La ricerca di «O’Sarracino»
Lei arriva con la sua Seicento, Kojak la affianca (anche lui in macchina) e mentre le sta parlando per prendere tempo arrivano secondo quanto lui stesso ha raccontato «Ugo De Lucia , Pasquale Rinaldi e Luigi De Lucia». I tre scendono da un motorino e le dicono con fare perentorio di spostarsi dal posto di guida. Cosa vogliono da Mina? Cosa vuole questa paranza di fuoco al servizio di Cosimino, che si presenta in gruppo da una ragazzina inerme? Vogliono informazioni su O’Sarracino, un ragazzo che lei ha frequentato tempo prima. Questo ragazzo, al secolo Gennaro Notturno, è il killer più temuto degli spagnoli. Devono scovarlo, devono trovarlo, devono identificarlo, ha ucciso — secondo quando loro sostengono — loro amici, continua a colpire, va fermato. Mina l’ha frequentato molto prima che si trasformasse in un killer.
Un killer temuto
Ma cosa lo rende così temuto O’Sarracino? È che non conoscono la sua faccia. Non hanno fotografie. Non riescono a entrargli in casa, il quartiere dove vive è blindato ai Di Lauro. I clan quando hanno necessità di identificare qualche loro nemico cercano una foto, oggi setacciano i profili social e se non trovano nulla provano a fare un’inchiesta che coinvolge parenti e amici. La diffusione di foto sui telefoni ha reso tutto più facile, ma nel 2004 si usava ancora la pratica degli anni 60 e 70, si andava in comune e si cercava la carta d’identità depositata. In questo caso gli uomini del clan non riescono a trovare niente, negli archivi il loro contatto non trova nulla. Altre volte si va dai fotografi di comunione o matrimoni, che hanno in archivio vecchie foto ma non trovano abbastanza informazioni su Notturno per battere questa strada. Così trovano Mina che l’aveva frequentato, trovano una ex fidanzata e chiedono a lei delle fotografie.
Le paure di Mina
Temono O’Sarracino perché è un killer puntuale, preciso, veloce, prudente e sa essere invisibile. Cosimo è convinto che abbia ucciso il suo migliore amico Fulvio Montanino. Vuole a tuti i costi identificare Notturno. Mina non ha foto. Non solo, non le vuole nemmeno cercare, non vuole collaborando in qualsiasi modo mettersi nelle dinamiche della faida. Sa che una volta entrata in queste sintassi a pagare sono tutti: ogni tuo parente può essere usato come sacco di carne per la vendetta o per inviare un messaggio.

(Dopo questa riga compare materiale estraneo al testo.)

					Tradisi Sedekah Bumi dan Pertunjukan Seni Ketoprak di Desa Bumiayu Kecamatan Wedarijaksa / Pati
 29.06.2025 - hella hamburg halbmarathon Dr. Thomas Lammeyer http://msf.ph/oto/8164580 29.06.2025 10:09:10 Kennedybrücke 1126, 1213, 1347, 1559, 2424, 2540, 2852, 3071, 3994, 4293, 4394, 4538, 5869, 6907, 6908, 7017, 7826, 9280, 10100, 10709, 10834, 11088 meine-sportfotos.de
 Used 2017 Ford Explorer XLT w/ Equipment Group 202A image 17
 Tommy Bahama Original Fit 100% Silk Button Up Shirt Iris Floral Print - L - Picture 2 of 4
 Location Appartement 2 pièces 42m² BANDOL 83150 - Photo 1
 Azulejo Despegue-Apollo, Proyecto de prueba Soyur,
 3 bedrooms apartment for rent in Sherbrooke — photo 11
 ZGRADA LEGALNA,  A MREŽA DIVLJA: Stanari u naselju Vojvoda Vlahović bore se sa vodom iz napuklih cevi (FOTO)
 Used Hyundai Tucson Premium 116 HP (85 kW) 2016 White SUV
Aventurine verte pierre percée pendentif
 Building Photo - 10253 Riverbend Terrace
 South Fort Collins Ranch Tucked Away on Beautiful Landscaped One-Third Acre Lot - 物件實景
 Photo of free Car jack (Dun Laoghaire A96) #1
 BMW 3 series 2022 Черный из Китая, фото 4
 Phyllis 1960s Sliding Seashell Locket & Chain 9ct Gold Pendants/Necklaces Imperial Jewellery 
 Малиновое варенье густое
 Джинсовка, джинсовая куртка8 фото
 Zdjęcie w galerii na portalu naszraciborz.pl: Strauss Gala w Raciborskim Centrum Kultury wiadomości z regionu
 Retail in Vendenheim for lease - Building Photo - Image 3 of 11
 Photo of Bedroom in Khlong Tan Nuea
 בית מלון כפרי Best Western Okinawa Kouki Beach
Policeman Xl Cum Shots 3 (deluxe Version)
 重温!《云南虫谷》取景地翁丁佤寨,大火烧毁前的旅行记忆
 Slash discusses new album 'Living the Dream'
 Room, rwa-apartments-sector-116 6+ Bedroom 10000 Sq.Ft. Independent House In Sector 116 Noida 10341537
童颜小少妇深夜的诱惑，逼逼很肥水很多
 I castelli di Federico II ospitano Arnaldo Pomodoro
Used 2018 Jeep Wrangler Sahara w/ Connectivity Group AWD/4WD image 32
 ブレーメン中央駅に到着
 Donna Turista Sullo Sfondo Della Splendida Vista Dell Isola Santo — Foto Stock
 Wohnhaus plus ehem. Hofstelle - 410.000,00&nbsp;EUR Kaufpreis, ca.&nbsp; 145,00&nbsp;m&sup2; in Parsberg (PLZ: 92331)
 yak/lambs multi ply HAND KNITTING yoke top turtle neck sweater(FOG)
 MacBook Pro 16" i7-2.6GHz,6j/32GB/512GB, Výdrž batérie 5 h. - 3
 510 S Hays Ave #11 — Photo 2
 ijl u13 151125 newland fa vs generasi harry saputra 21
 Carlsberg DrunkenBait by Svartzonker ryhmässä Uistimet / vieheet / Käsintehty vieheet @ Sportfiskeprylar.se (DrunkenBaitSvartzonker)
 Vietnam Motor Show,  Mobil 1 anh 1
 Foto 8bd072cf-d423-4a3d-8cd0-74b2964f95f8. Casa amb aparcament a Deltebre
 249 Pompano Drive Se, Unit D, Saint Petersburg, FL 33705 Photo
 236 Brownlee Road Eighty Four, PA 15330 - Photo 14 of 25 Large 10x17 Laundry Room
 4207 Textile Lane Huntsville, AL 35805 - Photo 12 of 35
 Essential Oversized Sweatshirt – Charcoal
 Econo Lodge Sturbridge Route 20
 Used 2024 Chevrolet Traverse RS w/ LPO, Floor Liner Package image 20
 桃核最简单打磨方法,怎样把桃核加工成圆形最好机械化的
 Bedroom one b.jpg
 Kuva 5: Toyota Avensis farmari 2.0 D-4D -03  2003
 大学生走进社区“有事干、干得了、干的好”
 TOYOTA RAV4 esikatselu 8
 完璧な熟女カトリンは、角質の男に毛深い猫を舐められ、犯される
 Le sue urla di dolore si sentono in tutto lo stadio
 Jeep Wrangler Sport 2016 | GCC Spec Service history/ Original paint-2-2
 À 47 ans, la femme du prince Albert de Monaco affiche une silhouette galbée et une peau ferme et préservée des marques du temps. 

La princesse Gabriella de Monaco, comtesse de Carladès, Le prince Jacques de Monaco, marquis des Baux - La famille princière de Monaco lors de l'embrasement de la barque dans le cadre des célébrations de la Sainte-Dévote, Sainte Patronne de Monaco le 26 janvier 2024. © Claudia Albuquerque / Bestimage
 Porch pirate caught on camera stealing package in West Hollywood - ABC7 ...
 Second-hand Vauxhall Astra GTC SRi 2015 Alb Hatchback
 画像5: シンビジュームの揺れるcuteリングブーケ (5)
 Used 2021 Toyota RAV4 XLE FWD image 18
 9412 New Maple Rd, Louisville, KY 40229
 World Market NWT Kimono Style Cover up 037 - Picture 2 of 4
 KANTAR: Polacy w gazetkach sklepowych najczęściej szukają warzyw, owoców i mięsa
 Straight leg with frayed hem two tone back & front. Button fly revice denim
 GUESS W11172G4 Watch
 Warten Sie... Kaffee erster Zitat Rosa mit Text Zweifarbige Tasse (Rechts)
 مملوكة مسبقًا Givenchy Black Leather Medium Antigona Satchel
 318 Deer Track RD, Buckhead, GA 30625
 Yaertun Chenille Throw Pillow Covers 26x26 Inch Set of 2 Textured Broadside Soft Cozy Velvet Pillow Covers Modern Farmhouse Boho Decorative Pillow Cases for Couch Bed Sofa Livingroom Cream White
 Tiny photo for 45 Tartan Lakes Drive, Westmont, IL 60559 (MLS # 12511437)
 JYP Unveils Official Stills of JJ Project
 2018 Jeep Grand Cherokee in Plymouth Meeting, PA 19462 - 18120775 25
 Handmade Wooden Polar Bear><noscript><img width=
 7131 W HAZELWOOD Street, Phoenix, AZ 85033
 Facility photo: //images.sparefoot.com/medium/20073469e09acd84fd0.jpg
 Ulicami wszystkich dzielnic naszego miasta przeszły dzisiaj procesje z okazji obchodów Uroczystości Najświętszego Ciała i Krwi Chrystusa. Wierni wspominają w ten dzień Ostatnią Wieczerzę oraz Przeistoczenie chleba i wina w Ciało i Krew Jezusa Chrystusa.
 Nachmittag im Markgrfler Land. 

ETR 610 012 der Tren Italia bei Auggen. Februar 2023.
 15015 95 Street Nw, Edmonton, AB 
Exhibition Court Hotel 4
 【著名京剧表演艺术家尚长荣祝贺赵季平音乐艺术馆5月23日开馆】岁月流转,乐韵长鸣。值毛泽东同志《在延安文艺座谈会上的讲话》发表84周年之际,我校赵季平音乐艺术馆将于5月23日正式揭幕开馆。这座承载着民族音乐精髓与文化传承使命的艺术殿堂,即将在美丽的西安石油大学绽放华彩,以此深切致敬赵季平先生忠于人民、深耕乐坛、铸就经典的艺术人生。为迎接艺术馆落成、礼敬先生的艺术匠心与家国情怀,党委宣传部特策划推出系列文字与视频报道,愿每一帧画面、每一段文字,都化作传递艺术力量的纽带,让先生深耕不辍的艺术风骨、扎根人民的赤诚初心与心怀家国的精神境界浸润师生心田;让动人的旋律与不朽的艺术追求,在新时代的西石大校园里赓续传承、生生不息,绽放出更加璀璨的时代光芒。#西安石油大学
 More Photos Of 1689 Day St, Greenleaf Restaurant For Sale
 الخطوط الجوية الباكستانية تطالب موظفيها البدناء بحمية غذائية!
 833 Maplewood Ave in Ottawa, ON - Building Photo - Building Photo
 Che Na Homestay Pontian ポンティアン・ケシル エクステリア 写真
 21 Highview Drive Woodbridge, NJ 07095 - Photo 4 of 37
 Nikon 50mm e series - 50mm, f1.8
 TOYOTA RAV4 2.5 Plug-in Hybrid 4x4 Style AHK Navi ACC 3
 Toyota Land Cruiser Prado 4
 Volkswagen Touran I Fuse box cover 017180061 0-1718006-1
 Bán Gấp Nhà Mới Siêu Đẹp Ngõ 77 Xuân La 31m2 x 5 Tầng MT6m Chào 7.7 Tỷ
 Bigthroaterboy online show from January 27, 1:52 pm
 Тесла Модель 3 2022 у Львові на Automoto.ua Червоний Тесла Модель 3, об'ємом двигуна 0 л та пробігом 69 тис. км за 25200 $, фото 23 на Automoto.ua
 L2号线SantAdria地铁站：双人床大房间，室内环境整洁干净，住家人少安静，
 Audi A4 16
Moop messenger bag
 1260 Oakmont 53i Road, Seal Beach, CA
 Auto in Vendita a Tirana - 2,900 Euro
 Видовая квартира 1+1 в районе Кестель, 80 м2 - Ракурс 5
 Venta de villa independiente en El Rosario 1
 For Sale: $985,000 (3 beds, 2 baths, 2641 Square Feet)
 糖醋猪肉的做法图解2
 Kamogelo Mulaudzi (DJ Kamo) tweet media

Il martirio di una innocente
Non c’entra e non vuole ci vuole entrare. Anche solo una parola condannerebbe a morte i suoi familiari, i suoi amici, ogni persona che ha un rapporto con lei. In più non ha più contatti con O’Sarracino da tempo. Da molto tempo. E così la pestano, le rompono il naso, le torturano i lobi delle orecchie, la gonfiano di botte e — prima di spararle e bruciarla — altro ancora su cui dovrei soffermarmi ma non riesco. L’incubo della morte di Mina non smetterà mai di tormentarmi.
Certi esseri umani sono peggio degli orchi di tolkeniana memoria.